Il secondo problema è il traffico nautico che, per la bellezza intrinseca della costa, la vicinanza di zone di elevatissimo interesse turistico, come Porto Venere e l'arcipelago di Palmaria, la prossimità di zone portuali come quelle di La Spezia e di Bocche di Magra, è sempre intensissimo.
Per i suddetti due motivi sarebbe bene frequentare la zona fuori stagione, in settimana e all'alba, anche se, a dire il vero, ci sono stato diverse volte sia a giugno che a settembre e, con qualche accorgimento, sono sempre riuscito a disimpegnarmi discretamente bene.
L'ultimo motivo di difficoltà (ma che contribuisce anche alla pescosità della zona) è rappresentato dalla torbidità mediamente molto elevata delle acque, per la vicinanza delle foci del Magra e per la presenza, sul fondo, di un sedimento finissimo, per cui basta qualche pioggia che ingrossi il fiume, oppure una mareggiata, per rendere la zona pressochè impescabile anche per giorni.
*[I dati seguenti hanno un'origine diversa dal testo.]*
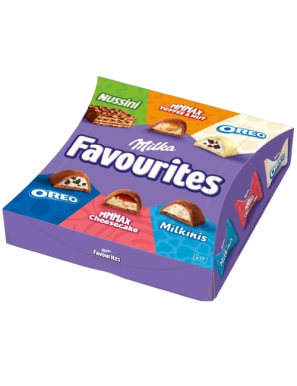 GALLETAS MILKA SURTIDO FAVOURITES C/158G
Procedendo in senso ovest-est il primo punto d'accesso alla zona che oggi descriveremo è dal cosiddetto Seno delle Stelle ("spiaggia del bunker") che ovviamente, in estate, trabocca di bagnanti, per cui valgono, a maggior ragione, le raccomandazioni di cui sopra. In ogni caso, vi è un parcheggio nella retrostante via Byron, da cui scendere, tramite una lunga scalinata, verso la spiaggia. Ci si può dirigere sia a destra, verso la bella e articolata Punta di Mezzana, costituita in realtà da un piccolo arcipelago di scogli affioranti, oppure verso sinistra, ove troviamo la cosiddetta Punta delle Stelle, coronata da una serie di grossi affioranti, detti Stellini. Si tratta di punti, oltre che molto belli paesaggisticamente e come conformazione del fondale, anche già discretamente pescosi, con la possibilità d'insidiare, specie all'alba, le orate che incrociano appena fuori le punte. Le condizioni migliori sono con scirocco di lieve-media intensità, che tende a pulire l'acqua.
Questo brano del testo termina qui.